How Doth the Simple Spelling Bee
- First edition
- Author: Owen Wister
- Illustrator: Frederic Rodrigo Gruger
- Language: English
- Publisher: Macmillan
- Publication date: 1907
- Media type: Print
- ISBN: 978-1-103-90429-7

= How Doth the Simple Spelling Bee =

1907 short story by Owen Wister

How Doth the Simple Spelling Bee is a short story by Owen Wister that was published in book form in 1907. It is a satire about spelling reform efforts of the time, which also humorously and in a good-natured manner pokes fun at academia in general, and the folly of typical professors' endeavors.

==Plot==
The story's protagonist is Chickle University professor Masticator B. Fellow, and is about his efforts to enlist the story narrator's support for spelling reform. Fellow advocates spelling all English words in a simpler, phonetic manner in order to make spelling easier for children and foreigners. Debates quickly ensue regarding whose pronunciation should be considered standard for phonetic spelling.

The story then changes focus to a couple who are attending the convention for spelling reform. This couple is much more interested in their blossoming romance than they are spelling reform. The narrator finds the woman of this couple attractive, attempts to woo her, and a love triangle ensues, forming some basis of suspense for the plot.
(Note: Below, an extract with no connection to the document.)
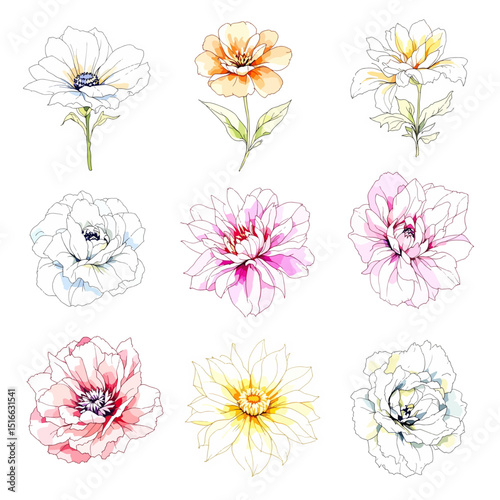 Set of watercolor flowers on white background, Set watercolor Flowers Clipart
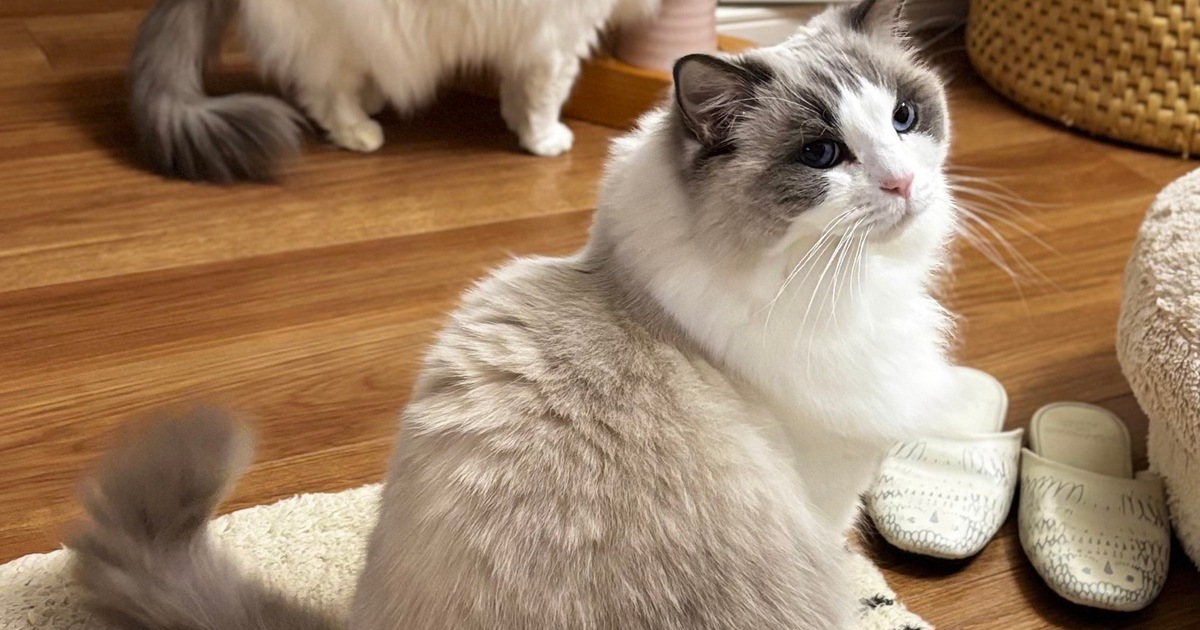 2月22日 猫の日🐈🐈｜Web eclat（ウェブエクラ）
The book ends with neither Fellow's attempts at spelling reform nor the narrator's attempts to win a woman's esteem proving the least bit successful.

==Background==
In August 1906, President Theodore Roosevelt ordered that all federal publications use revised spellings of 300 words based on the work of the Simplified Spelling Board. Wister's story lampooned the change with his story, implying that these spelling changes went too far.